START Information shown

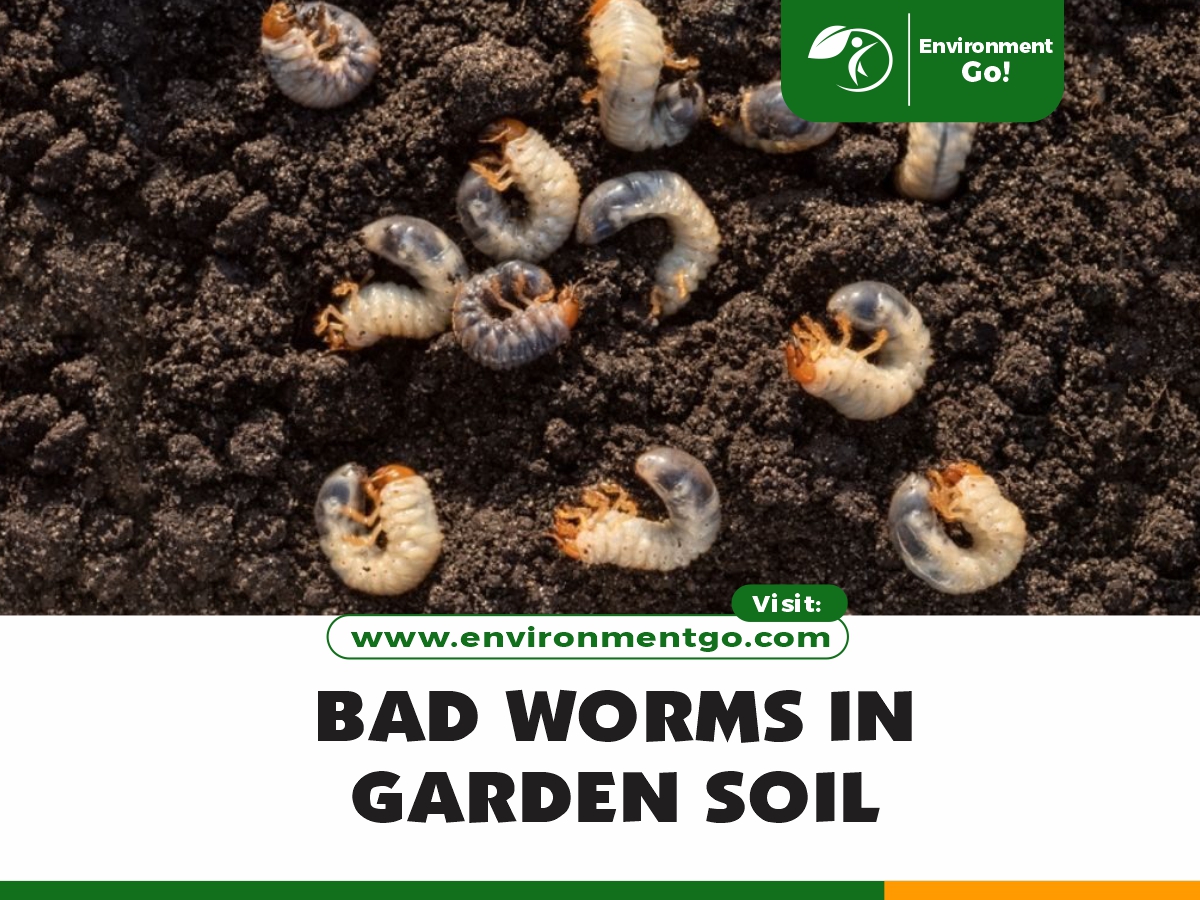 bad worms in garden soil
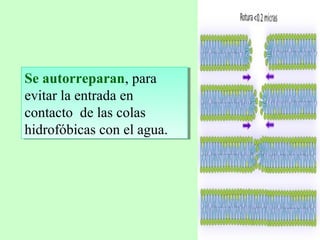 Se autorreparan, para
evitar la entrada en
contacto de las colas
hidrofóbicas con el agua.
Se autorreparan, para
evitar la entrada en
contacto de las colas
hidrofóbicas con el agua.
 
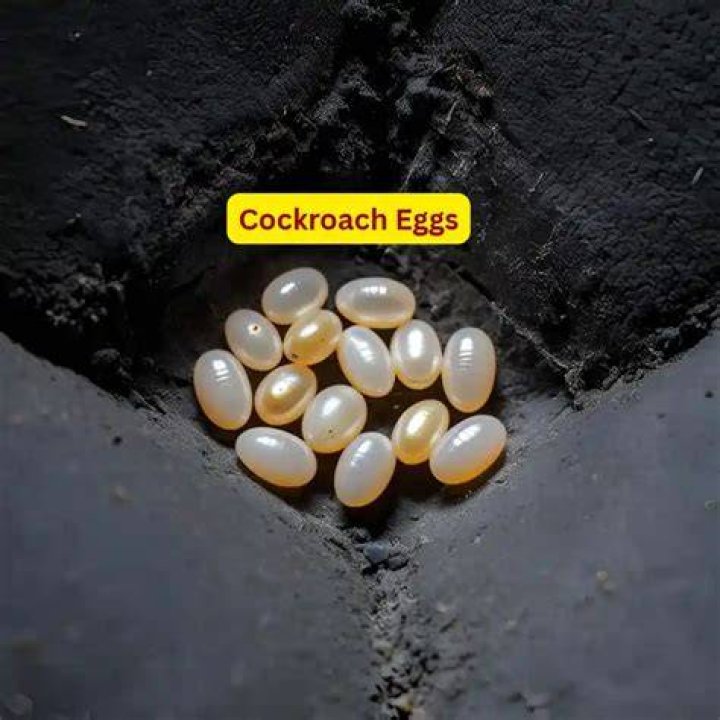Does squashing a cockroach release eggs?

END Information shown

Please copy the records above word for word, omitting every picture.

Task answer:
 bad worms in garden soil
 Se autorreparan, para
evitar la entrada en
contacto de las colas
hidrofóbicas con el agua.
Se autorreparan, para
evitar la entrada en
contacto de las colas
hidrofóbicas con el agua.
 
Does squashing a cockroach release eggs?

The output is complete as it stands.